While curiosity killed the cat, curiosity fuels academia. Academia is an incredible profession where amongst the administration, the student complaints, the tedious grant writing, and the journal rejections, you get to investigate, get to experiment, get to learn, you get to teach, and you get to be curious. Actually you need to be curious. This is what drove me towards academia- getting to find out stuff. How privileged I am. It is easy to lose sight of that in academia, because it is not the only part of our job, and because many of the people who go into academia are ‘perfectionists’. High achievers in school, high achievers in university. People who seek perfection. The more I learn about academia, the more I think this quest for perfectionism is a detriment to curiosity, to the very thing that forms the foundation of academia.

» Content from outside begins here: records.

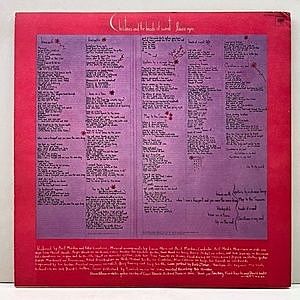 レコードサブ画像：2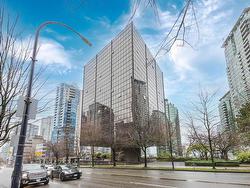 503 1333 W GEORGIA STREET  Vancouver, BC V6E 4V3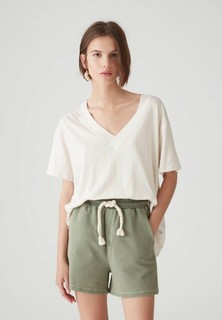 Футболка Pull&Bear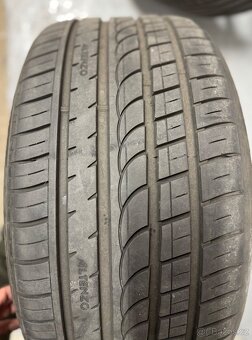 5x120 r19 - 7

Now, don’t get me wrong, discipline is important. As academics we should continuously be improving our writing, our grammar, our editing skills, our statistical techniques, our lab based experiments. We should strive to make our courses for our students the best they can be. Strive to teach the students we supervise discipline. However, this should never be to the detriment of curiosity- academia would not be academia without taking risks on a new technique that you don’t know everything about. Without developing new scales that may not have appropriate validity. Without trial and error. Without rejection.
I always tell myself, I am not perfect, and of course I shouldn’t be- I am an early career academic. If I am perfect there is something wrong with academia. I then also tell myself, the expert in the field- the very pinnacle, the person you aspire to be, is not perfect. If they are perfect there is something wrong with academia.